The caster will take your piece from you and get your details (including what metal you want the piece cast in) and you can pick it up the next day (24 hours later but always after about 3pm).
The fee for casting does vary from caster to caster but always includes the casting fee (for a small piece it is approximately $5 plus the metal weight per gram. For instance silver is usually floating somewhere between $1.50- $2.00 per gram. Your caster can work out the weight of your piece and give you an estimate of the cost before you get it cast.
When you get your piece back from the caster it will still need cleaning and polishing and to remove the sprue. You can file this off and sand your piece with sandpaper until it is smooth and wearable.
Where do I buy all my supplies?
www.cjservice.com.au Combined Jewellery Services is Australian based and very competitively priced. No physical shop but an easy to navigate website and the guys are always happy to field questions via email.
www.riogrande.com - Rio Grande is based in the US. Usually cheaper than local suppliers but they have an enormous catalogue that can be pretty confusing plus the shipping rates are based on weight so can be a killer.
Physical Shops -
Koodaks (4/125 Swanston St, Melbourne VIC 3000)
Koodaks stocks a wide range of products (for lots of different jewellery mediums). Staff are very helpful and tend to have a varied background in making so can answer your questions. Prices tend to be a bit higher than online shops. They also offer student discounts.
Where do I get my items cast?
LTH Casting - This is my favourite caster, I have found that they do an excellent job of removing most of the sprue, are happy to deal with weird requests and seem all round lovely to do with and are very reasonably priced.
Apecs - Have an excellent reputation in the industry for quality. I have found they tend to be the industry choice although the service seems to be guided more towards ‘trade’ work.
Both of these are located in the Manchestor Unity Building, Swanston Street, Melbourne.
What Tools do I need to get started?
Basic tools involve carving tools, files and a scalpel.
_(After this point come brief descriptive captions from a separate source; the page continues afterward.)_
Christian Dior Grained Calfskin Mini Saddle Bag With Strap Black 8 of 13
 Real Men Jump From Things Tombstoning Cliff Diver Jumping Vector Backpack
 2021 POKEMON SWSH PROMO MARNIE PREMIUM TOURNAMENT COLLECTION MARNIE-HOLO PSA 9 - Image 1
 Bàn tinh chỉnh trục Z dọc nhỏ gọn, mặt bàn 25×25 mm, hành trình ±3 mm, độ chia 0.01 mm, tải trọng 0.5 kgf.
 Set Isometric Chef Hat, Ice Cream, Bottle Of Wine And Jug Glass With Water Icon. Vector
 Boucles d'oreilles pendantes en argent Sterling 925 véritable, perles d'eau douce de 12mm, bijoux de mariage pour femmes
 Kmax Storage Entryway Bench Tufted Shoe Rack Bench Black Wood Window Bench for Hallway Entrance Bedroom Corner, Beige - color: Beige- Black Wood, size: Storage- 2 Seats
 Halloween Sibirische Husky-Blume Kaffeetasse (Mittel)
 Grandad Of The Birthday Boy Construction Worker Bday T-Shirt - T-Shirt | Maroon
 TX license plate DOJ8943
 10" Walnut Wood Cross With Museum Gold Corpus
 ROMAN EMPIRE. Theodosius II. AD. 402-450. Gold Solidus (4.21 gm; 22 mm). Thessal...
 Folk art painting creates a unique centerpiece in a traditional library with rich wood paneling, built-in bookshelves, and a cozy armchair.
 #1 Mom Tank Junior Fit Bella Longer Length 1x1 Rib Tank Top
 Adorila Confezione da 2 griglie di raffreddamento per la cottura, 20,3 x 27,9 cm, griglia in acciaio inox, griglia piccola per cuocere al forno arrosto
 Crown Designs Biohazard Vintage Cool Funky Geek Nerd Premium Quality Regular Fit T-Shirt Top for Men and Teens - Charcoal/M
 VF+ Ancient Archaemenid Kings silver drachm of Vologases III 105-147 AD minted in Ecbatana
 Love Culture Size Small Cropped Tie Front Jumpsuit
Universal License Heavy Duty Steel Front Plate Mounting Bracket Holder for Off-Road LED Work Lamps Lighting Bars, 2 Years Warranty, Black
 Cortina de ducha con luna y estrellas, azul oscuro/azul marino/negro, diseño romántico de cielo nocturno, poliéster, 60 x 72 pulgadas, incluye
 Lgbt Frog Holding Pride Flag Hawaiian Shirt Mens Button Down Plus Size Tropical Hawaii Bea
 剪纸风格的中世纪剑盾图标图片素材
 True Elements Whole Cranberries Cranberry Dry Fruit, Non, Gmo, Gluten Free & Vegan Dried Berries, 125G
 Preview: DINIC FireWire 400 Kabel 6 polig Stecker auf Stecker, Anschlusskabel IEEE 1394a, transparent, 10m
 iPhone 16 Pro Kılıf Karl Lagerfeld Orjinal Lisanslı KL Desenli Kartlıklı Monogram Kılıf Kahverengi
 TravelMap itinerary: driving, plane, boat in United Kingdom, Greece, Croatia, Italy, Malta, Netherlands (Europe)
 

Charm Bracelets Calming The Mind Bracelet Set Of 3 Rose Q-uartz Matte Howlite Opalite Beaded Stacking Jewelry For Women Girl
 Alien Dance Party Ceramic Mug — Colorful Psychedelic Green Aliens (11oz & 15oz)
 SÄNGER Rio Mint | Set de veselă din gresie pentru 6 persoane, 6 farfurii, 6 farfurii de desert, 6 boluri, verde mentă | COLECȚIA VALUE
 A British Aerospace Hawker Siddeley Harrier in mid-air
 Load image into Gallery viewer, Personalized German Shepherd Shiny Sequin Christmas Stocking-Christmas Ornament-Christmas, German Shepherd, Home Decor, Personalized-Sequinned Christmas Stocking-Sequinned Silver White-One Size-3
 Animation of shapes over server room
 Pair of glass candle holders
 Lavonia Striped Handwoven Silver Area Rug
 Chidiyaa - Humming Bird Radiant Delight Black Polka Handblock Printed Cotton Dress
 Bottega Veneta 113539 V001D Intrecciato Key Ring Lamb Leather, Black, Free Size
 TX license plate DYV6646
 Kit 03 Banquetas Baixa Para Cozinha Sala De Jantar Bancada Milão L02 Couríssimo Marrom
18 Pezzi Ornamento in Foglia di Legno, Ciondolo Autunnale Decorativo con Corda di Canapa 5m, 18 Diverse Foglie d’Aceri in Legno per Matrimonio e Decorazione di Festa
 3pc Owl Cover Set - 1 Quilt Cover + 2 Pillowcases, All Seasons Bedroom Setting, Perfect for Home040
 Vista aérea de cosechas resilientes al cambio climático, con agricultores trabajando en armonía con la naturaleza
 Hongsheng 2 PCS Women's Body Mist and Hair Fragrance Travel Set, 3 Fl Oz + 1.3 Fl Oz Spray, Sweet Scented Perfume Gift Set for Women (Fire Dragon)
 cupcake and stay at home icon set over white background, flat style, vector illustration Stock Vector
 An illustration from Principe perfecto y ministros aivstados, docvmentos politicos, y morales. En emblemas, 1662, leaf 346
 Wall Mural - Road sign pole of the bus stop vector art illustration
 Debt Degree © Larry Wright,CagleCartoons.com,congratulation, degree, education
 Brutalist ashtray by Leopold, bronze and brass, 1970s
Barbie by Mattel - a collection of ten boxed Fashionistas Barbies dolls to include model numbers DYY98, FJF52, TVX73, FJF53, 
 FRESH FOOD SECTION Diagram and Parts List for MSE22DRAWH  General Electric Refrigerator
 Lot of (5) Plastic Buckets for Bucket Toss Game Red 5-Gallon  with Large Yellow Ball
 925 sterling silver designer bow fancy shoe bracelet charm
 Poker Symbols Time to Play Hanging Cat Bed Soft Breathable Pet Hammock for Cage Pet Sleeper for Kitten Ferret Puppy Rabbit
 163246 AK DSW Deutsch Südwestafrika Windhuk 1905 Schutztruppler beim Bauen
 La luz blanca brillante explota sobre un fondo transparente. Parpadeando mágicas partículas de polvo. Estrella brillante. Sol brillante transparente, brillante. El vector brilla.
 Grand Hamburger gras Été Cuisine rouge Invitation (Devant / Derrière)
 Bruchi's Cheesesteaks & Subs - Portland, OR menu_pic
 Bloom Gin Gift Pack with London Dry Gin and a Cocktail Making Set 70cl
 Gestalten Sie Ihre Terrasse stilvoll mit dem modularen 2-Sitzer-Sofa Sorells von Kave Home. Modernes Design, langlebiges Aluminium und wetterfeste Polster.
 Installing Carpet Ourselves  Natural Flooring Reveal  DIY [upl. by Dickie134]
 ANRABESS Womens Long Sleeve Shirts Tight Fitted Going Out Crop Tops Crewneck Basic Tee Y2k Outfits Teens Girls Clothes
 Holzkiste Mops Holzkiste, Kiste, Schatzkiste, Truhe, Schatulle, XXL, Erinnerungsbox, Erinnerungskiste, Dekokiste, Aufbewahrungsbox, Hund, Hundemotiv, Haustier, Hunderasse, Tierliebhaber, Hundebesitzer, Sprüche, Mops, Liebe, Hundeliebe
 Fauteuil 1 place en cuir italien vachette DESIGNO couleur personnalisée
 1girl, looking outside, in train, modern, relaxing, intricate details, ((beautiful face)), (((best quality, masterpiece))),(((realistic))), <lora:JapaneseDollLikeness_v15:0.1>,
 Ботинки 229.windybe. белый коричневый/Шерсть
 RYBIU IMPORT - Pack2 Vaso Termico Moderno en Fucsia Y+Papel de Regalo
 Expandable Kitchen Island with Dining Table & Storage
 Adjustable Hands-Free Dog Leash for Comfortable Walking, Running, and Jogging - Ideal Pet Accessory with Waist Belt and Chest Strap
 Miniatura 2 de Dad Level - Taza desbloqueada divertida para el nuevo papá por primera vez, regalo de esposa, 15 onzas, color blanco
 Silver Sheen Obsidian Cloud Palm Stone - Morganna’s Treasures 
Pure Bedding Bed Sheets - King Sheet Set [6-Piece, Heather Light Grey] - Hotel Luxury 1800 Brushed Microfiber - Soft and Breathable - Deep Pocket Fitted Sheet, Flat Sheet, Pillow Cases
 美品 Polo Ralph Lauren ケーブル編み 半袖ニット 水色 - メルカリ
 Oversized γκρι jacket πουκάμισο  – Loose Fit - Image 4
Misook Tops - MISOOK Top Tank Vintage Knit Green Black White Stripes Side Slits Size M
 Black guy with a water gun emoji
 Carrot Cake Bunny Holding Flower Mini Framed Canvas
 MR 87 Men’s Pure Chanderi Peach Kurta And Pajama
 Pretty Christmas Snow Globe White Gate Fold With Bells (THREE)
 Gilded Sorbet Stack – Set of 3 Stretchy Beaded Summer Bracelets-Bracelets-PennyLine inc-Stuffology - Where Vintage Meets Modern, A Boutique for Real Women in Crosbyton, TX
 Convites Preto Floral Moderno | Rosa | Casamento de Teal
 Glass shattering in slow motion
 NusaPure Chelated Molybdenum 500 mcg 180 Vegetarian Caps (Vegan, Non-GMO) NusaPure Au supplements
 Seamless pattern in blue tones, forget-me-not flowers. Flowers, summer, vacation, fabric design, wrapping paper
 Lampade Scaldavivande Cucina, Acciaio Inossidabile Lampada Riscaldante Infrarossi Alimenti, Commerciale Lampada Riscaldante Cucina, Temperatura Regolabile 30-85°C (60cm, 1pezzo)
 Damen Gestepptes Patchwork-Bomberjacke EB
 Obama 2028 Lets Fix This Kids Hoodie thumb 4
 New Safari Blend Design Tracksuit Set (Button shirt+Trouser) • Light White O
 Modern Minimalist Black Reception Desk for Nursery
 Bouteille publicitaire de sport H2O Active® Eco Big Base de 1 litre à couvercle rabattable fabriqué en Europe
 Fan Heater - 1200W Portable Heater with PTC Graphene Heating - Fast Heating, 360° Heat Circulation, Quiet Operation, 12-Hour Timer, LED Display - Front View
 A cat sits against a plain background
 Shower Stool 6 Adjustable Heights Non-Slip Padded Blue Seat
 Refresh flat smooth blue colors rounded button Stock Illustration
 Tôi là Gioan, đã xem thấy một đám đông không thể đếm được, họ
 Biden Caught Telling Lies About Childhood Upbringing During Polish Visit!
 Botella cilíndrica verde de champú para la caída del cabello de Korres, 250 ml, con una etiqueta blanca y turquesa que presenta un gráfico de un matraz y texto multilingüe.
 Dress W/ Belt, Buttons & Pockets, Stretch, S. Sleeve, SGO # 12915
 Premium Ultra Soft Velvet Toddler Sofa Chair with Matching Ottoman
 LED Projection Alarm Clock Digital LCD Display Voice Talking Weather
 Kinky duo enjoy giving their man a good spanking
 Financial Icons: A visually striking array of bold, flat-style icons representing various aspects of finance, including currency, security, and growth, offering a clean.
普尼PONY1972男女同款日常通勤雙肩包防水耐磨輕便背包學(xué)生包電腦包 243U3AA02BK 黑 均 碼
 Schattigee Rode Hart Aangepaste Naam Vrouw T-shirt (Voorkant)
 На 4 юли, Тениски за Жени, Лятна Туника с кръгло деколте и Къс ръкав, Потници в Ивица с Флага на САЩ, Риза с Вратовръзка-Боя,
You will also need to get an alcohol lamp, wax tube reamer, saw frame and wax spiral blades.
*Metal files are graded with ‘00’ being the most coarse up until ‘6’. I have found that for wax purposes you can use approx ‘0’ and for the metal finishes a finer cut of ‘2’ or ‘3’ is good.
*Wax files have much wider teeth for removing large amounts of wax from the piece at a time. You will need to refile over anything that has been touched by the wax file.